Listed records -

+++

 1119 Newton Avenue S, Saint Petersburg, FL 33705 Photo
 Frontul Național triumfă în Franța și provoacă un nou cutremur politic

+++

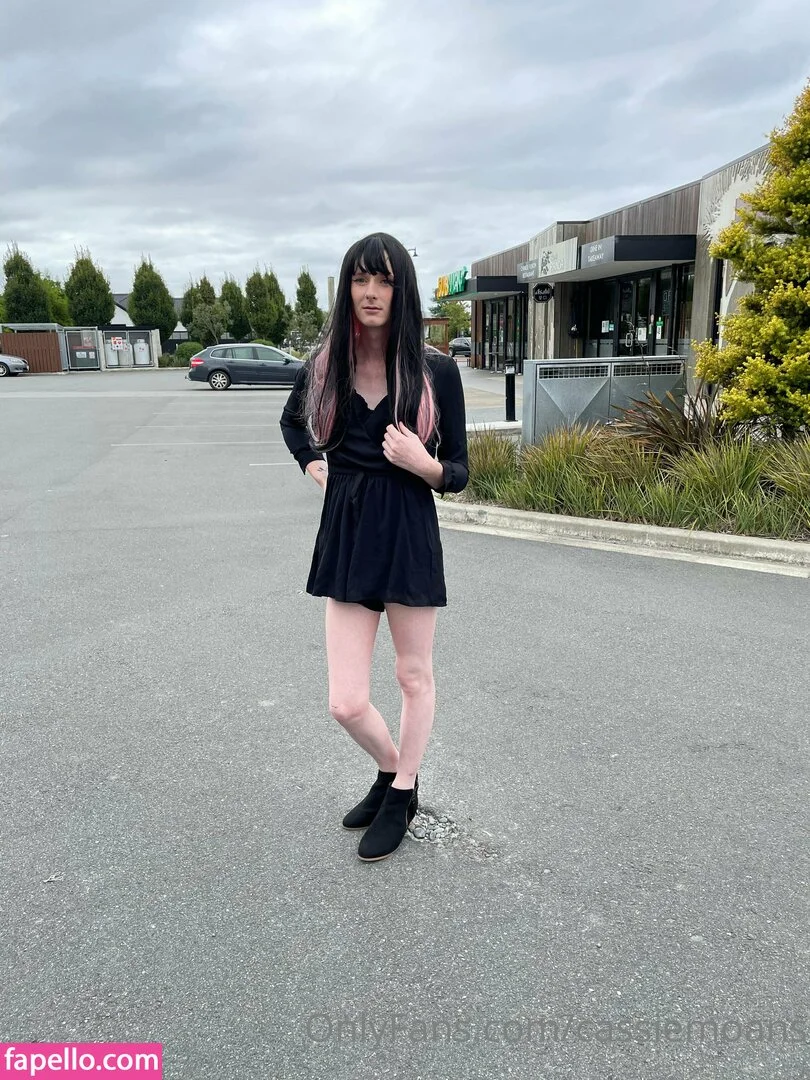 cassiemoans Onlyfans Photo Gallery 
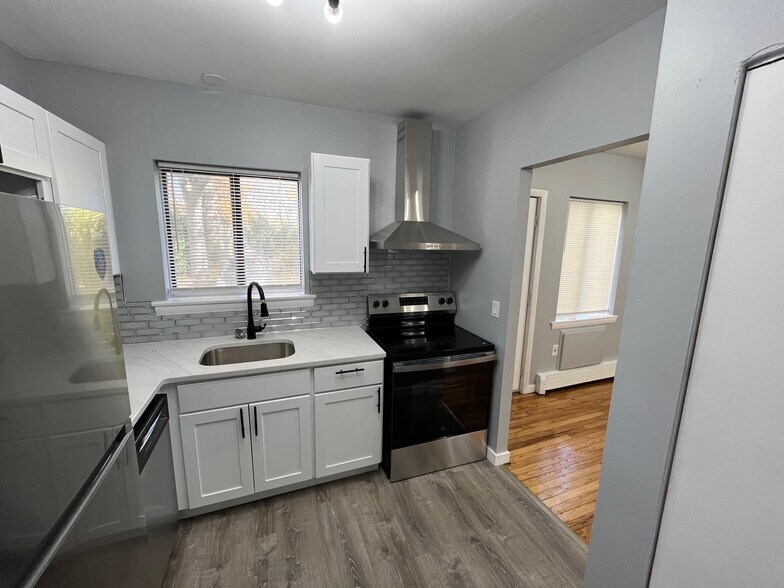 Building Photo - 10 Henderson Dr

+++

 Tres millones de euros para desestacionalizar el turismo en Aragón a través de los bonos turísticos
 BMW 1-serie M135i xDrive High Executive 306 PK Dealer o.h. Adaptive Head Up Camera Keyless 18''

+++

The problem - What is needed is a verbatim copy of every line in the records above from the one containing "1119 Newton Avenue" down to the one containing "Frontul Național triumfă", both included, and nothing more.

Result of this task -
 1119 Newton Avenue S, Saint Petersburg, FL 33705 Photo
 Frontul Național triumfă în Franța și provoacă un nou cutremur politic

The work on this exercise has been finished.